→ Exercise: The data below should be restated word for word, pictures omitted.

→ Data to process:
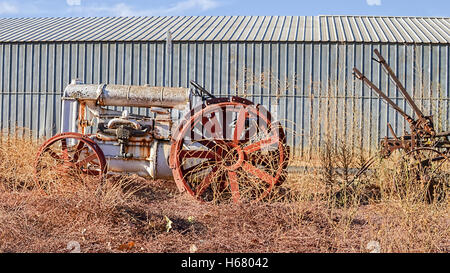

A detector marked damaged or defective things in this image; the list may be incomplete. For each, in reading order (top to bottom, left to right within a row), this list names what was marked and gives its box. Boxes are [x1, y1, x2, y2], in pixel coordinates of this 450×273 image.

rusty red wheel [34, 132, 107, 191]
rusty farm implement [34, 78, 288, 202]
rusty red wheel [169, 96, 288, 202]
rusty farm implement [354, 49, 448, 200]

→ Response to the task:
A detector marked damaged or defective things in this image; the list may be incomplete. For each, in reading order (top to bottom, left to right within a row), this list names what was marked and gives its box. Boxes are [x1, y1, x2, y2], in pixel coordinates of this 450×273 image.

rusty red wheel [34, 132, 107, 191]
rusty farm implement [34, 78, 288, 202]
rusty red wheel [169, 96, 288, 202]
rusty farm implement [354, 49, 448, 200]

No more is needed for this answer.